47% rise in housing starts in metro Detroit a sign of stronger job market

Posted on April 16, 2012

The dark days of home building in metro Detroit appear to be ending as renewed hiring fuels demand for new homes, sparking a 47% rise in southeast Michigan housing starts for the first quarter. Yet building activity remains well below normal.

Construction began on 741 single-family homes. That compares to 505 in the same period of 2011, according to Housing Consultants of Clarkston.

At the peak of home-building activity in the 2000-05 period, an average of 5,000 homes were started per quarter.

Still, it was the most active January-March period in five years.

And experts say it could be the start of a more permanent trend upward for the area’s beaten-down housing market; 22,000 more people are working in Macomb, Oakland and Washtenaw counties this year than in 2011, according to U.S. Bureau of Labor Statistics data.
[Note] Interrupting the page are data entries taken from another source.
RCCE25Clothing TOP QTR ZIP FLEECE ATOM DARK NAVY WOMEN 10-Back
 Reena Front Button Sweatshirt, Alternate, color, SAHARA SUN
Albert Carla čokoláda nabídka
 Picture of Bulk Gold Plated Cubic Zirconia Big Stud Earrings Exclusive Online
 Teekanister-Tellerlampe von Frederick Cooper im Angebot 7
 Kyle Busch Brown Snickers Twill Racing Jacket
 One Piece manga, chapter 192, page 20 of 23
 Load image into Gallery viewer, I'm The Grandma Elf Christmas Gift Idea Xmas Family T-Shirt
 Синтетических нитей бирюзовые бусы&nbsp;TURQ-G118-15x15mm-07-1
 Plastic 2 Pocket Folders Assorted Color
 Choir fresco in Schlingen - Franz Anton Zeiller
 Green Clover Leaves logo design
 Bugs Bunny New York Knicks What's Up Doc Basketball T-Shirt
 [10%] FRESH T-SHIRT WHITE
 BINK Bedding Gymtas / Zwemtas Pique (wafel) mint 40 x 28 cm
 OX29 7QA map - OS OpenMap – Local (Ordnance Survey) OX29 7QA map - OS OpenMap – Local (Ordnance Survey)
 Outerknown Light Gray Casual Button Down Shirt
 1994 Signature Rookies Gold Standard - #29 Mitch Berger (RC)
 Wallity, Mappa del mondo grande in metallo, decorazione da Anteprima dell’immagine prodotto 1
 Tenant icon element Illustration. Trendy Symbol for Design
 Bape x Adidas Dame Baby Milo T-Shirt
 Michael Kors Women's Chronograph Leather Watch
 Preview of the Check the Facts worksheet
“That is 10,000 to 20,000 possible more homes needed this year. I hope it continues,” said Michael Stoskopf, chief executive of the Building Industry Association of Southeastern Michigan. “I think we are seeing improvement, and part of that points to the number of people who have jobs.”

A shortage of move-in ready homes for sale on the existing market has spurred some of the new home building. And the unseasonably good construction weather in March also helped boost the quarter.

Building permits in southeast Michigan rose 25% in 2011 compared with 2010, with 3,110 single-family permits issued, according to the Southeast Michigan Council of Governments. The permits indicate future construction.

Looming large is $4-a-gallon gas, which could make homes in farther-flung communities less desirable and hurt the rebound, Stoskopf said.

There is much building activity in outlying areas such as Lyon Township, he said, questioning whether people will want to increase their commute with gas prices so high.

“If the job market continues to improve, that may overcome that factor of gas prices, energy prices,” he said.

Jed Kolko, chief economist for Trulia, a national real estate site, said that the housing start increases are from a low base.

“Construction starts are still very low in Detroit and many other Midwestern cities relative to the size of the market,” he said. “Low prices and high vacancies mean less new-construction activity than in construction hot spots like Texas and the Carolinas.

“Construction still has a long way to go back to normal, and it is zigzagging rather than straight-lining. But the trend is clearly up.”

PulteGroup, the nation’s largest homebuilder, ended 2011 with a quarterly profit — its first profit in more than a year. The Bloomfield Hills-based homebuilder said it could be a sign of better things to come this year.

National data for March show that housing starts were up in the Midwest and on the East Coast, but down in the South and flat in the West.

On the whole, housing starts nationally fell 5.8% in March, while permits taken for future building were up 4.5% last month, according to Commerce Department data.

Economists expect this year nationally to top 2011 in home-building activity, but a return to normal isn’t expected until 2015, according to IHS Global Insight.